Whenever you visit our website, you will find some good information on CRYPTOCURRENCY BASICS. It is possible that you heard about bitcoin long before you heard about cryptocurrencies. That is fine since you have an idea of what would be talking about in this article. Cryptocurrencies are digital currencies or virtual currencies. Digital money is not physical and only in changeable figures designating ownership of a certain amount of information provided and stored in a database. Cryptocurrency is a kind of digital money with unique and innovative differences that puts it apart from other kinds of money.
Cryptocurrency is a mathematically secured virtual made to serve exchange purposes. Cryptocurrency transaction is possible through a special branch of mathematics known as cryptography this ensures verification of transactions, and regulate the creation of new cryptocurrencies. The blockchain is the underlying technology cryptocurrency works on, and cryptocurrency network controls the blockchain activities. This is how it really happens. The blockchain is a ledger of transactions such as the real ledger you find in an accountants office. Unlike the physical ledger, however, the blockchain continually updates itself using information provided by a peer-to-peer network. The transactions in a blockchain are decentralized, and everyone on in the network sees all the transactions that take place in the network. Everyone can also write on this ledger so that it appears on everyone else’s page. When a new page is exhausted, miners add another page to the network. Every page is known as a block and each block has the hash function of the previous block in what is technically known as the proof of work.
The hash function makes it impossible for miners to add a new block to the network except they provide the answer to a random puzzle. The only way to solve the puzzle is by trying all possible combinations until they get the correct answer.
We can use bitcoin as an example to understand how the hash function works to secure the network. Every transaction in the bitcoin network is recorded but pending verification of these transactions, they are left in a pool of unconfirmed transactions. After solving a new block miners send it to computers in the network. This is a suggestion of what a new block should be. Each block contains transactions done at the same time.
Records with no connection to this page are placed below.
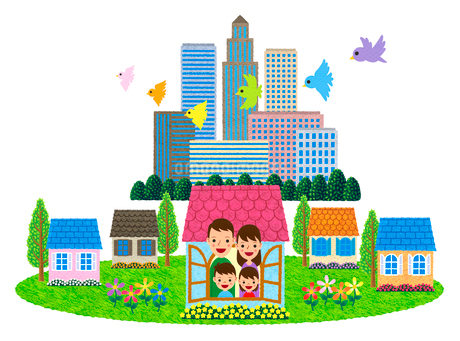 住宅のライン：イラスト無料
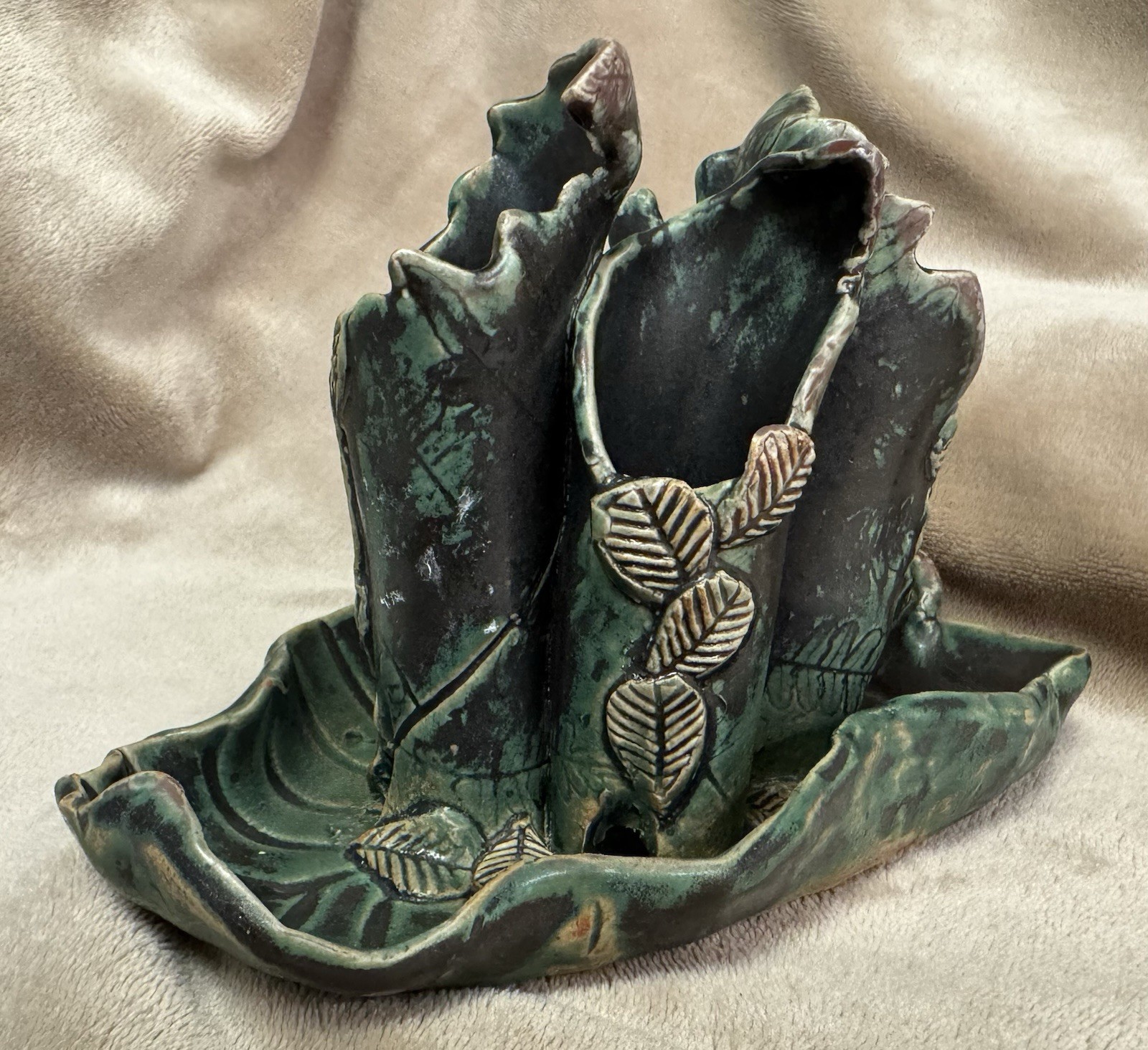 Botanical Earthy Living Goddess Clay Art Signed Leaves Nature Vases Vessel Boho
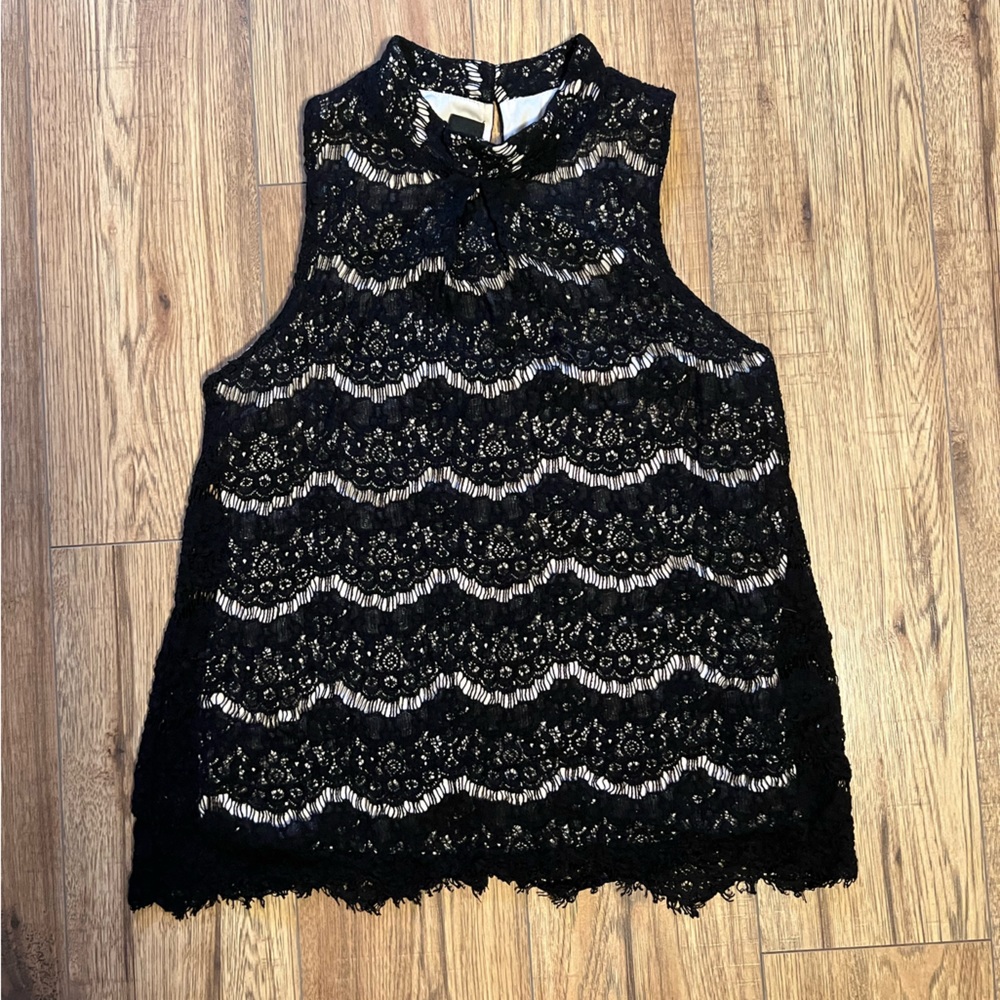 By&by lace high necked, sleeveless blouse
The hash function links a new block to the previous block, and any change in the block changes the hash function too. This makes it impossible to send the same bitcoin to different persons since spent transactions cannot be included in a block for confirmation.
Cryptocurrencies are stored on wallets and every cryptocurrency has its value that is determined by market forces of demand and supply. Bitcoin, for example, reached a historic high of $20,000 per BTC in December 2017. Cryptocurrencies are stored in wallets. A wallet is a secured space where users can access their cryptocurrency by providing a unique private key that matches the public key. The public key is the space where received coins are stored in the network. You can start using cryptocurrency today by simply signing up for a wallet or exchange service.